Warning: Spoilers ahead for The Handmaid’s Tale, season five, episode nine.
By his own admission, Bradley Whitford is well aware that a white man in his 60s might be an odd choice to helm an episode of The Handmaid’s Tale. Still, he’d floated the idea of directing to creator and showrunner Bruce Miller after joining the cast in season two as Commander Joseph Lawrence. After years of working so closely with the cast, he couldn’t resist the opportunity to take a seat in the director’s chair.
“It was something I’d always wanted to do more of,” says Whitford. “My impulse to direct really rears up when [I] love the show, I love the actors.”
It’s not Whitford’s first time in the director’s chair in his 37-year career—that was in 2007, for the series finale of Aaron Sorkin’s Studio 60 on the Sunset Strip. He’d wanted to direct while he was playing deputy White House chief of staff Josh Lyman on The West Wing, but the closest he came was writing the 2005 episode “Faith-Based Initiative,” in the show’s sixth season. It’s been 15 years—“Was it 15? Jesus. Yeah,” Whitford realizes on the other end of our transatlantic Zoom call—since he directed.
“There is a psychology of submission that I struggle with as an actor,” Whitford, clad in a plain white tee and seated in front of a semi-unorganized shelf of dozens of books, tells Vanity Fair. “We all have to wait for someone to write it, someone to choose us, and I find that really corrosive.”
In the same stream-of-consciousness response, he offers a contradictory reason for not having directed more: “I think I’ve been so lucky as an actor that I get distracted from wanting to take more responsibility for stories.”

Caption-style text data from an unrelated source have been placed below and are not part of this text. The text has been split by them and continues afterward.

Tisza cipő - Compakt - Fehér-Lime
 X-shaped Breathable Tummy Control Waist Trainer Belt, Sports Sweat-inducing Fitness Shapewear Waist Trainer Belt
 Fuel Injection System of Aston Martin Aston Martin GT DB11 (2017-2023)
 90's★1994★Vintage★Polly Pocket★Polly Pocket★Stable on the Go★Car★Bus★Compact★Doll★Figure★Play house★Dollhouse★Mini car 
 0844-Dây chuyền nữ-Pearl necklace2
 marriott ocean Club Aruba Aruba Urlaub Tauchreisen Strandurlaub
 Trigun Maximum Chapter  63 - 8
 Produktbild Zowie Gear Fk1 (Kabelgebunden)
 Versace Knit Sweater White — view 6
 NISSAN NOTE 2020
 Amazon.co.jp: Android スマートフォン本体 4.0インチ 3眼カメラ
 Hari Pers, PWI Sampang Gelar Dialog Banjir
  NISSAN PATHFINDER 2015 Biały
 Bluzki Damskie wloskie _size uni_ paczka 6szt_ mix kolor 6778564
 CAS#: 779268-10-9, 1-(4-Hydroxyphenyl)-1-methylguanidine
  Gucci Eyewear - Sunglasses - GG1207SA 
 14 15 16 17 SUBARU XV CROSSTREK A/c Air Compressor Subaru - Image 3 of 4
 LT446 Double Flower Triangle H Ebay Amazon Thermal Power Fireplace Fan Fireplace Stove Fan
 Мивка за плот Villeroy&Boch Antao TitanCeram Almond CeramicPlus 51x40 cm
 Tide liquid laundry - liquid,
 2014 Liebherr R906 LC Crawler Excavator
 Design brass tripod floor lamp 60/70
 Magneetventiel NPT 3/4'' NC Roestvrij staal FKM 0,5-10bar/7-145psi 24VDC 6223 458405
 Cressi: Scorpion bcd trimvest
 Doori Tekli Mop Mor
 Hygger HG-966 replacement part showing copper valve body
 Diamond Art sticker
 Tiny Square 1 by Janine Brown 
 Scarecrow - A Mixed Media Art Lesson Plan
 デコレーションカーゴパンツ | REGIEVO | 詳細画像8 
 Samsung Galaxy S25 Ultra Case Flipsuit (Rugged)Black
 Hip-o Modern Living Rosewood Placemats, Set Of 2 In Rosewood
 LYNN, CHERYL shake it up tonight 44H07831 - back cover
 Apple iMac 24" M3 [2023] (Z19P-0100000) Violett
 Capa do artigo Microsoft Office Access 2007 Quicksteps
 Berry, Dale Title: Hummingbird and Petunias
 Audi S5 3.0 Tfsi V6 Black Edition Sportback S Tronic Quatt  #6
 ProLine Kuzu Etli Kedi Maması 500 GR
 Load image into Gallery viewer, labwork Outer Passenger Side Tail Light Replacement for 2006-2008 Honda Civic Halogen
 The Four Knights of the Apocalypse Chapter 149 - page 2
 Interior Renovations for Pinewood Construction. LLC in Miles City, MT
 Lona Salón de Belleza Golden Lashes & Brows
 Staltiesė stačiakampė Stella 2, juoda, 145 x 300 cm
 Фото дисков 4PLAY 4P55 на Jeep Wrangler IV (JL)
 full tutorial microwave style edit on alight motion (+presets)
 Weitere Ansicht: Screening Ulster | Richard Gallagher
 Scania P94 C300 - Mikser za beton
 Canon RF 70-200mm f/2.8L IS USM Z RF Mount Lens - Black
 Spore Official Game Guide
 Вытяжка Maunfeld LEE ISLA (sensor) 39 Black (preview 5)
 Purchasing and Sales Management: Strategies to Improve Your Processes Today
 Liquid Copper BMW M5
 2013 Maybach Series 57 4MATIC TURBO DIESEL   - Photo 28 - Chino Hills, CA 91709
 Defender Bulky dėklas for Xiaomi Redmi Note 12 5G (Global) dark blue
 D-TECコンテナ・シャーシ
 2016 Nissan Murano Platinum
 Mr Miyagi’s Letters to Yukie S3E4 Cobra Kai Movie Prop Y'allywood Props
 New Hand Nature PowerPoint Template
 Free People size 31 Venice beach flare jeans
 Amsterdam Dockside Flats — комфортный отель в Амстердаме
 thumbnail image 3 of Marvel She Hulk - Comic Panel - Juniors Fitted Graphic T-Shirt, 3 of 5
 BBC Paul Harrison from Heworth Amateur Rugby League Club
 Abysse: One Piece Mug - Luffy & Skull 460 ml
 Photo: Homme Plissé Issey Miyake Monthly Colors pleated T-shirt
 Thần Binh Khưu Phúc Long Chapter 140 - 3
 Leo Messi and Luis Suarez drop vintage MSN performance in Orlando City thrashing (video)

Whitford expounds on the virtues of the cast and crew that he’s spent the last four years working with on The Handmaid’s Tale, and though he gets hyperbolic, none of it feels insincere. He’s especially animated talking about Elisabeth Moss—the show’s lead as intrepid June Osborne, as well as executive producer, and oft-director—and how specifically she galvanized his desire to get behind the camera again.
“I have never seen any actor who was also a producer so involved in every draft, in every cut, in every choice,” says Whitford, who met Lizzie, as he calls her, in 1999 when she played first daughter Zoey Bartlet on The West Wing. “It’s unheard-of for an actor, let alone one who is doing a part as difficult as [June], to be that involved. I remember her expressing some insecurity about [directing] and I was like, ‘Oh, man. You are so ready.’ And then being directed by her and being boggled by her ability at that—it really inspired me.”
So in April of last year, Whitford was given the outline of this season’s episode nine, “Allegiance,” which he would get to direct in June. He spent those two months shadowing Moss as much as he could while she directed the first two episodes and the finale, even standing in for every character while lighting and blocking were designed. He leaned heavily on cinematographer Nicola Daley, whom he describes as a fierce advocate for the show’s integrity. He rewatched every episode of the show from the beginning.
“I don’t think I’m being too self-deprecating when I say fear [was what made me rewatch the entire series],” says Whitford. “The show is so visually stunning, it’s intimidating. The strength I am bringing as an actor is not necessarily an extraordinary visual grammar. I wanted to see what worked. The first time you’re watching something, you’re just sort of experiencing it. I was watching it with a consciousness [this time]. By the time I got my actual script, there was a sense of freedom.”
The surprise for Whitford, when he got the outline, was just how much his character was in the episode. He assumed his episode would be fairly self-contained, but “Allegiance” begins with a military operation to save Hannah (Jordana Blake), which quickly goes wrong; Serena (Yvonne Strahovski) continues to live a trapped existence with the Wheelers but plots her (second) escape from them during the opening of the Gilead Fertility Center; June secretly meets up with Nick (Max Minghella) on the border; Commander Lawrence proposes (if you can call it that) marriage (is it?) to the newly widowed Naomi Putnam (Ever Carradine); there’s a mass shooting at the end of the episode; and back at the midway point, there’s an extremely intimate and devastating phone conversation between June and Joseph, as she refers to Commander Lawrence these days.
“I think I’m in it more than I’m in any episode I’ve ever been in,” he says.